§ EXERCISE GOAL
The material below contains a line with "Новый оригинальный сапоги" and a line with "I presocratici o presofisti". Copy exactly those two lines and all lines between them.

§ PROVIDED DATA
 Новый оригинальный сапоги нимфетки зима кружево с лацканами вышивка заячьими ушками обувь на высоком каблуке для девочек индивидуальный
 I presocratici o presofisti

--

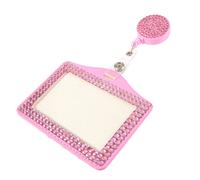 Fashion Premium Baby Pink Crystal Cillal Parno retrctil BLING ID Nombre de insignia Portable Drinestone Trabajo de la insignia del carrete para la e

* * *

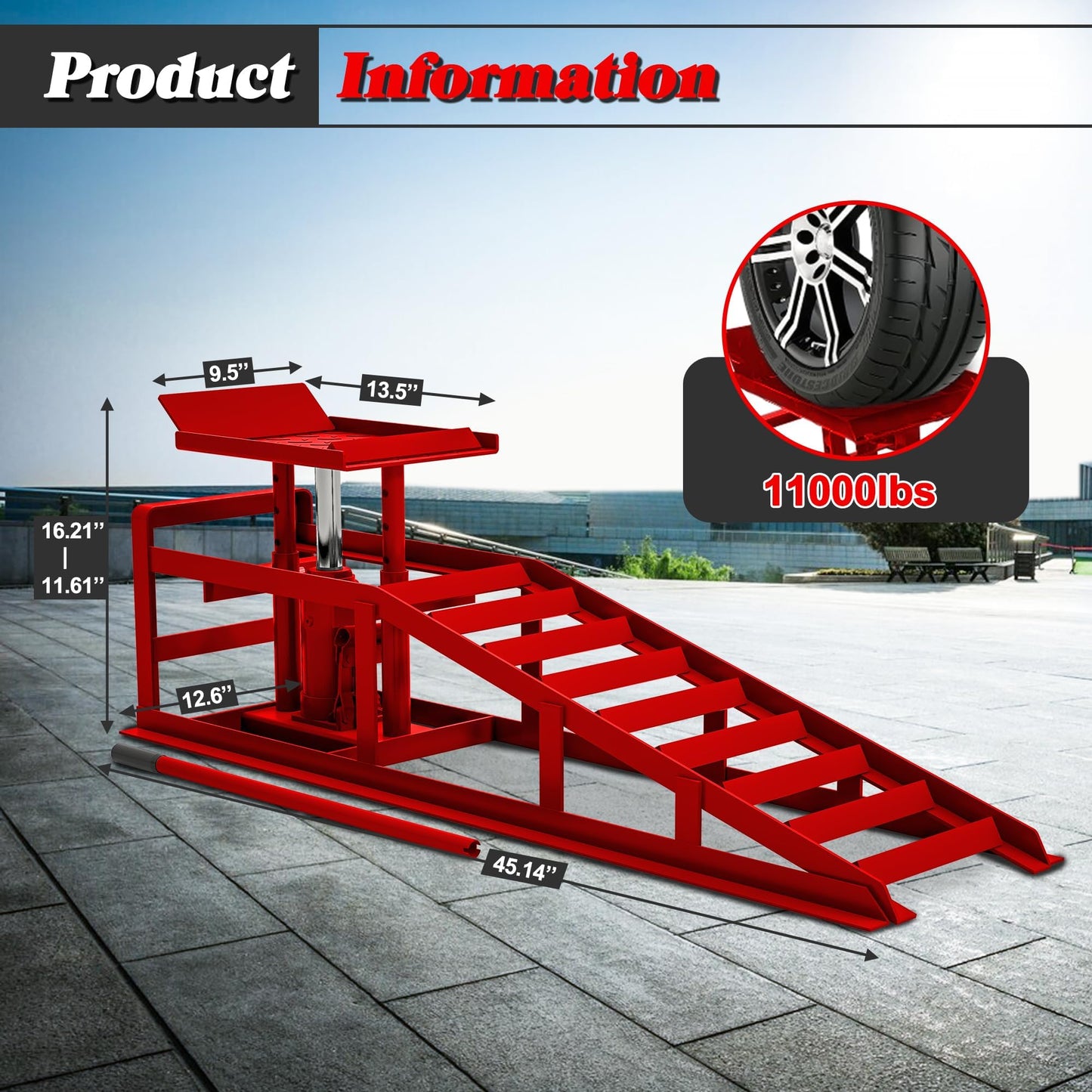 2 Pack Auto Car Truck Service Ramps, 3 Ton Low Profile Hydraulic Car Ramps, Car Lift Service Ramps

§ ANSWER BOX
 Новый оригинальный сапоги нимфетки зима кружево с лацканами вышивка заячьими ушками обувь на высоком каблуке для девочек индивидуальный
 I presocratici o presofisti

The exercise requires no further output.